Perspectives

Traduction par IA et écart salarial des immigrants

Par Adam G·

Sur un chantier de construction en périphérie de Séoul, une consigne de sécurité est prononcée en coréen. En quelques secondes, des travailleurs du Vietnam, de l’Ouzbékistan, du Népal et du Cambodge l’entendent dans leur propre langue.

Ce n’est pas de la science-fiction. Deux des plus grands constructeurs de la Corée du Sud — Daewoo E&C et Lotte Engineering — ont déployé des plateformes de traduction par IA sur des dizaines de chantiers cette année. Le système de Daewoo prend en charge 180 langues avec un glossaire propre à la construction. Termes techniques. Protocoles de sécurité. Noms d’équipements. Calibré pour un environnement où une mauvaise traduction n’est pas un simple inconvénient, c’est une catastrophe.
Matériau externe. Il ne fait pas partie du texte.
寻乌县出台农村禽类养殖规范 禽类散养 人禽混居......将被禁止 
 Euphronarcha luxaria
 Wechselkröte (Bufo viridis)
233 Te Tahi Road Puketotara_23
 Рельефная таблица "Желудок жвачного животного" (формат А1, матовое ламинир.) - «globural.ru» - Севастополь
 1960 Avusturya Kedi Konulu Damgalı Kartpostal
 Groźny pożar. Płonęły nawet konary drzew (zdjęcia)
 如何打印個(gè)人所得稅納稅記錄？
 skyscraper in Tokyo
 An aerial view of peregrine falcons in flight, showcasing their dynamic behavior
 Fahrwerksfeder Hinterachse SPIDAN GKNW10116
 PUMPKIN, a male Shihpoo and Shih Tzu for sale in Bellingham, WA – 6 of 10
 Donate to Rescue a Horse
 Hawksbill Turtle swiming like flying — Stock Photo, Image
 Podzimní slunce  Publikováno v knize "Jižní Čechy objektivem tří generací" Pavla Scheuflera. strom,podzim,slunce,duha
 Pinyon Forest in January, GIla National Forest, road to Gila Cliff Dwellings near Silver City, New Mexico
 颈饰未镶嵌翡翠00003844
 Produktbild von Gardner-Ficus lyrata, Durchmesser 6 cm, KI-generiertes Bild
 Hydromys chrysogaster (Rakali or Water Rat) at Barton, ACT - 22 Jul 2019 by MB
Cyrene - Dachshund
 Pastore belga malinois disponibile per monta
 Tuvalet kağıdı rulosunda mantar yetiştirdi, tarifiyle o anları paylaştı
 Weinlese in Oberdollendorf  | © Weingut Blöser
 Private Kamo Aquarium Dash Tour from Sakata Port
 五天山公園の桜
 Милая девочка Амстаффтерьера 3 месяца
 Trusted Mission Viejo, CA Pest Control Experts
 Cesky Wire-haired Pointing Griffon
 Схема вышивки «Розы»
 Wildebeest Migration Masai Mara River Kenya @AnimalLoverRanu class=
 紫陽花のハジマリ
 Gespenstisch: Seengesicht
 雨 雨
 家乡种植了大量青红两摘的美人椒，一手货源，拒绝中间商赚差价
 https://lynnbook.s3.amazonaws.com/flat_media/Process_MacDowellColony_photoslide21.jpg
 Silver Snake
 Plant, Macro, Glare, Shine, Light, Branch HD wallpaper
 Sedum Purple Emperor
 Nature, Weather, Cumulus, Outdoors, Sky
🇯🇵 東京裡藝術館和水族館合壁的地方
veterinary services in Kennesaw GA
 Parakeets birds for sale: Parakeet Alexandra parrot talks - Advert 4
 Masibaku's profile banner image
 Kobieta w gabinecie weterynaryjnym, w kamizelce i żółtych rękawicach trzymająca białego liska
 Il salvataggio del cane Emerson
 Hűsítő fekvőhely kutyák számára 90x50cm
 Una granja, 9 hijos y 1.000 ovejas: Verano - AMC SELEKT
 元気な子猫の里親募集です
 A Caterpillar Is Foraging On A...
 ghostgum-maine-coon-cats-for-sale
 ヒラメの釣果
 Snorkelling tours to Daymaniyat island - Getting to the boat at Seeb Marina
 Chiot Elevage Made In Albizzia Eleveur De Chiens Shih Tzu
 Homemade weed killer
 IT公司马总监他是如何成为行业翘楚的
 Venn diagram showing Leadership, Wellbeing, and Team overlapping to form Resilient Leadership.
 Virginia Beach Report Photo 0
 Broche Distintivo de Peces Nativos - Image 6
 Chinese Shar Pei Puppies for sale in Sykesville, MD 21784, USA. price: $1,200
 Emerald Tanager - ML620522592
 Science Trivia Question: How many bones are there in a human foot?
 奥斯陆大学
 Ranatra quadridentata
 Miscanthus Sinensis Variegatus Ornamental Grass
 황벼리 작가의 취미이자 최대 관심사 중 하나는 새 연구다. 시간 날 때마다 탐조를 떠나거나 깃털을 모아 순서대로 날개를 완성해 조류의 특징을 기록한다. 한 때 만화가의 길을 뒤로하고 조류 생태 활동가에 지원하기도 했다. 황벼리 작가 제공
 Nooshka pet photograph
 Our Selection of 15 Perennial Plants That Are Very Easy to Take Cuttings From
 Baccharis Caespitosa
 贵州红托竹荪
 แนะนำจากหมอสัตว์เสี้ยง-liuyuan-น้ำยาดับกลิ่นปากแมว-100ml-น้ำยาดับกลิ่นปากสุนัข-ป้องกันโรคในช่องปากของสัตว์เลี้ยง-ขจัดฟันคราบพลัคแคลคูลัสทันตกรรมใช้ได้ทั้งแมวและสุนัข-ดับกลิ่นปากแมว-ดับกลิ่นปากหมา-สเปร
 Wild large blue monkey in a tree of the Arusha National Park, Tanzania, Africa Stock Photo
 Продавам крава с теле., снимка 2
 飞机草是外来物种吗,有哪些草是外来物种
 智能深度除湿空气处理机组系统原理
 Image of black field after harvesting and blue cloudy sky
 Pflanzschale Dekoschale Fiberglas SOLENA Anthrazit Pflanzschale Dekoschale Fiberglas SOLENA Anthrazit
Mais cette histoire va bien au-delà de la sécurité sur les chantiers

Dans les pays de l’OCDE, les immigrants gagnent 18 % de moins que les travailleurs nés au pays. Les trois quarts de cet écart ne concernent pas les compétences, mais plutôt l’accès à des emplois, des industries et des entreprises mieux rémunérés. Et le principal indicateur de cet accès est la maîtrise de la langue. Partout en Europe, la recherche démontre constamment une pénalité salariale de 23 à 27 % pour les immigrants qui ne maîtrisent pas la langue du pays d’accueil. Une étude de la Réserve fédérale a calculé que les barrières empêchant les immigrants d’atteindre leur potentiel productif coûtent à l’économie américaine l’équivalent de 25 % de la contribution économique totale des immigrants.

Un problème de traduction

L’OCDE a constaté que l’écart de rémunération des immigrants se réduit d’un tiers en cinq ans et de moitié en dix ans. Cet échéancier suppose que l’immigrant fait tout le travail d’adaptation. Des années d’immersion. Des cours formels. De l’alternance codique culturelle. Tout le fardeau pèse sur la personne qui a le potentiel, et non sur l’institution qui en a besoin.

L’IA inverse la tendance

Au lieu de demander : « À quelle vitesse pouvez-vous apprendre notre langue ? », elle demande : « Pourquoi la langue devrait-elle déterminer qui peut contribuer ? » Un chirurgien qui parle dari. Un ingénieur qui parle tagalog. Un soudeur qui parle ouzbek. Leur compétence n’a jamais changé. C’est l’interface qui a changé.

Nous avons passé des décennies à mesurer les immigrants selon leur aisance linguistique. Nous aurions peut-être dû mesurer nos systèmes selon leur souplesse.